Unfortunately, flightlessness becomes a major disadvantage once humans arrive, especially when they bring rats, cats, and livestock with them. In a 2013 paper, Boyer estimated that human colonization of the Pacific islands caused the extinction of nearly 1,000 bird species—and that doesn’t even include songbirds or seabirds. She also found that flightless species were 33 times more likely to go extinct than those that get airborne.


When birds fly, they try to keep it light. Even the heaviest of the aerial species, the Kori and Great bustards, are just 40 pounds—about the weight of a five-gallon jug of water. But when a bird no longer needs its wings, the pounds can start to pile on. New Zealand’s extinct moas, for instance, grew to 12 feet tall and more than 500 pounds; they were hunted to extinction around 1400 A.D. The elephant birds of Madagascar, also extinct, were mammoths as well. (Since moas and elephant birds didn’t have any large mammals around them, they moved into the megafauna niche occupied by four-legged grazers on the mainland.) Among birds that still exist, Boyer says, perhaps the best example of gigantism is the Takahē of New Zealand’s South Island. Though it averages only about six pounds, this species is believed to have evolved from much smaller ancestors to become the world’s largest rail.

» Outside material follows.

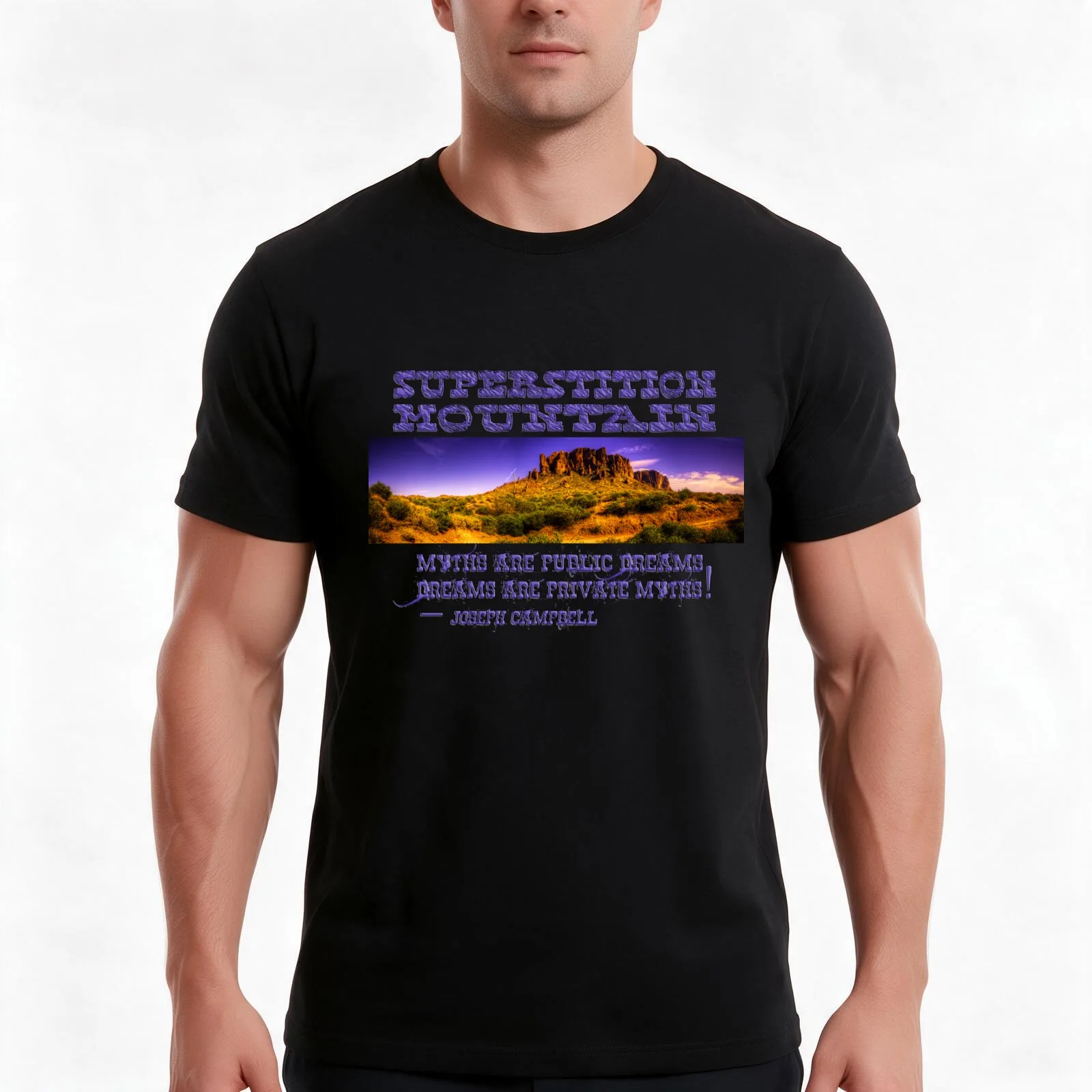 Superstition Mountain T-Shirt, Summer Casual Cotton Tee, Oversized Streetwear Tops, Vintage Graphic Print, Unisex Men Women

No one knows why some island species get so enormous. One conjecture holds that birds with bigger bodies can ferment food in their guts the way cows do, allowing them to eat harder-to-digest plants. Other theories suggest that larger creatures usually live longer, can survive harsher weather, and require less food pound-for-pound because of their slower metabolisms.

Takahē, the "giant" rail of New Zealand. Photo: Brendon Doran


The general rule of island evolution is that big animals get smaller and small animals get bigger. This trend is most commonly seen in mammals: To account for the limited resources on islands, the key deer of the Florida Keys, the extinct pygmy hippos of Madagascar, the extinct dwarf elephants of various Mediterranean islands, and even the so-called “hobbits” of Flores, an Indonesian island, all became miniaturized versions of their mainland relatives.

Because most birds are tiny, avian dwarfism is virtually unheard of. The exception: two extinct types of emus that lived off the coast of Australia. “The situation of an emu miniaturizing on an island is really, really unique,” Boyer says. “Emus are already very atypical for birds, so you can basically use the mammalian hypothesis for dwarfism to explain why they do the same thing.”


Back in 1835, Darwin was amazed at the tameness of the species on the Galápagos. He sat on the backs of giant tortoises, pulled the tails of marine iguanas, and even had birds land on his hands. In one case, he pointed his gun at a hawk and used the muzzle to push it off its perch. “A gun is here almost superfluous,” Darwin wrote. Other early explorers shared similar stories from other island chains, including Hawaii and New Zealand.

These animals could afford to be oblivious because they had very few predators—that is, until humans showed up and started killing them. “They could not evolve fast enough to regain their defense mechanisms,” Boyer says. The Dodo, which lived on Mauritius, is a classic and tragic example of this. Not only was it tame; it was also flightless, large, and easy to find. “People could essentially just walk up to them and pick them up or hit them on the head,” Boyer says. By the mid-1600s, just a few decades after Europeans colonized Mauritius, the Dodo was extinct.